Apple’s already above $300 bucks a share, so maybe the more interesting question is, who gets helped most by the Apple effect?
It’s a tough question – not as simple as tearing open some Apple products and seeing whose parts are inside. Some companies in Apple’s ecosystem, like Intel , don’t see an outsized impact from Apple’s business. Others, like ARM, have already had nice runs lately.
So who potentially gets helped most from here? Here’s my unconventional short list of names to look out for:
Qualcomm: This chipmaker gets helped two ways. One, it will benefit if and when Apple eventually releases CDMA versions of the iPhone and iPad, since it has patents on the underlying wireless technology. Two, Apple’s competitors are turning to Qualcomm’s Snapdragon chips to compete with Apple’s homegrown A4.

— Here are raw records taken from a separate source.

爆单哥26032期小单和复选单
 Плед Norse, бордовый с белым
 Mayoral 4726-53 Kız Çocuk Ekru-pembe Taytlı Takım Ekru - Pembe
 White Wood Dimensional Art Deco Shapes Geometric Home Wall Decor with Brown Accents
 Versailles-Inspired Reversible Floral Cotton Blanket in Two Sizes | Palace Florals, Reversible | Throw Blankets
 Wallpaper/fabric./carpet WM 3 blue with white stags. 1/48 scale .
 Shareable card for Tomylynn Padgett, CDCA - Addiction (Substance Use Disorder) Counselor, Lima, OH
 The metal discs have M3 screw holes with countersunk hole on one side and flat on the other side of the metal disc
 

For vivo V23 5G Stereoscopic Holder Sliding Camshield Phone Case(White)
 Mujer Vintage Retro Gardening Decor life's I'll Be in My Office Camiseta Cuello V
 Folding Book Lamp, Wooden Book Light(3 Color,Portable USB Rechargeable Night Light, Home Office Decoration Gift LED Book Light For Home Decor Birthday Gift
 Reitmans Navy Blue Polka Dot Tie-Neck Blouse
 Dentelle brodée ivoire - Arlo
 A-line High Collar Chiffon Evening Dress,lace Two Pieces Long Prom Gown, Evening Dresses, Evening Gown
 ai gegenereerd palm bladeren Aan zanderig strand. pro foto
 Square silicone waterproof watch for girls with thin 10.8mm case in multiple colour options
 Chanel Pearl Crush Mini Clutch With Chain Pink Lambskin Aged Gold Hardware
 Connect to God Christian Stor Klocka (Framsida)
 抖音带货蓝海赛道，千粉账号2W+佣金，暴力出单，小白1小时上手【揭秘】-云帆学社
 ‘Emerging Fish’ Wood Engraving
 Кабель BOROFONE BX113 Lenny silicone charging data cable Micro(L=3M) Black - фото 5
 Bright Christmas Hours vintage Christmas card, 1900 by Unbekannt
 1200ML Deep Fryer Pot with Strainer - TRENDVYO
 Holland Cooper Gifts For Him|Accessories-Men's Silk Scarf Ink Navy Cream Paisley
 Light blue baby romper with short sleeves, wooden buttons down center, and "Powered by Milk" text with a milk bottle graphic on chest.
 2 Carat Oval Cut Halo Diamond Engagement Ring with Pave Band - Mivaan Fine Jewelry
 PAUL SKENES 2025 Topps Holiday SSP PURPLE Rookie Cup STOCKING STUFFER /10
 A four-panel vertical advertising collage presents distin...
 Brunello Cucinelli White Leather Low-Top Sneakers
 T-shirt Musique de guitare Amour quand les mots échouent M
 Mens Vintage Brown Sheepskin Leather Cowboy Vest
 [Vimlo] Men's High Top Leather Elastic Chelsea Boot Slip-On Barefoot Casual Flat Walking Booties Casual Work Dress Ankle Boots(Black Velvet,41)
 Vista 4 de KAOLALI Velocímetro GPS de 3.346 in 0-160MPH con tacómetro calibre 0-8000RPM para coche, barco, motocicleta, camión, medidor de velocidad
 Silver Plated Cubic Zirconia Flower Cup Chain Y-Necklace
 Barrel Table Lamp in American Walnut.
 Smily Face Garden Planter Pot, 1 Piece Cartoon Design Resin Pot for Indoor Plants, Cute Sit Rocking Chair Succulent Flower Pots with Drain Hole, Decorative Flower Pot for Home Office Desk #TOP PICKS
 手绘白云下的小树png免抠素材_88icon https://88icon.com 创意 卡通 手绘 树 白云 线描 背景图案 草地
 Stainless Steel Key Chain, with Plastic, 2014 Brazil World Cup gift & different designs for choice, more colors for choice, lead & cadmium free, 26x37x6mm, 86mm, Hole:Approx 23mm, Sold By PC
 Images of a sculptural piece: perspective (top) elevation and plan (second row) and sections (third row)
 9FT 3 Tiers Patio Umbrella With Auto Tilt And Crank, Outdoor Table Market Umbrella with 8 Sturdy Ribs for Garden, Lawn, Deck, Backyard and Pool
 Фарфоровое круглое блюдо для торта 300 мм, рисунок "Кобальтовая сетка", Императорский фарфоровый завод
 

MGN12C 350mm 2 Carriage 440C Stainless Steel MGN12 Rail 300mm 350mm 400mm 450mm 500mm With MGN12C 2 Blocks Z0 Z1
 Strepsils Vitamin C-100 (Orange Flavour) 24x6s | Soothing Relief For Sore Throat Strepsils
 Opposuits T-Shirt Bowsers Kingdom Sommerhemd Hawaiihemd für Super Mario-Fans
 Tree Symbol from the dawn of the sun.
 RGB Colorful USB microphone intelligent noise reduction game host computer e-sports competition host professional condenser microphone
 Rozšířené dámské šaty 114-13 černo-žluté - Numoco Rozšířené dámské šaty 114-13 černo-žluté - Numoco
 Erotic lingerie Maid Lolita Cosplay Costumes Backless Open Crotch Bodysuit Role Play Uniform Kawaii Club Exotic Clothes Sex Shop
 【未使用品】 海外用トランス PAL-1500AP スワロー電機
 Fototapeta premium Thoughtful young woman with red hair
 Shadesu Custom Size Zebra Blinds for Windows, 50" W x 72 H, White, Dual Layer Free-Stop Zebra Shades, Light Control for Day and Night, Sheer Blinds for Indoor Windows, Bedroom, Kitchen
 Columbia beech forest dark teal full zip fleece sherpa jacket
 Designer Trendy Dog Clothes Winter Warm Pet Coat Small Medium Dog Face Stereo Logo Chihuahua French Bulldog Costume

Motorola: Co-CEO Sanjay Jha was the first to make a really big bet on Android, before it emerged as the clear iPhone competitor it is today. Moto’s consumer business is spinning out into a separate company early next year, and Jha tells me he’s got a plan to get TV content onto Motorola’s smartphones. Hollywood might back Motorola’s ambitions to keep Apple from getting too powerful.
AMD: Investors aren’t thrilled with the chipmaker’s stock lately, understandably so. Intel has soundly beaten them in the past. But here’s the thing: Its product strategy for 2011 happens to line up with Apple’s general direction.
By baking a graphics core into its main chip die in its upcoming Fusion microprocessors, it aims to help Apple competitors affordably compete with the Mac’s lean power. And AMD’s recent move to rebrand its ATI graphics chips as “AMD” graphics chips – which already appear in Apple computers, by the way – should give the overall AMD brand a boost in 2011.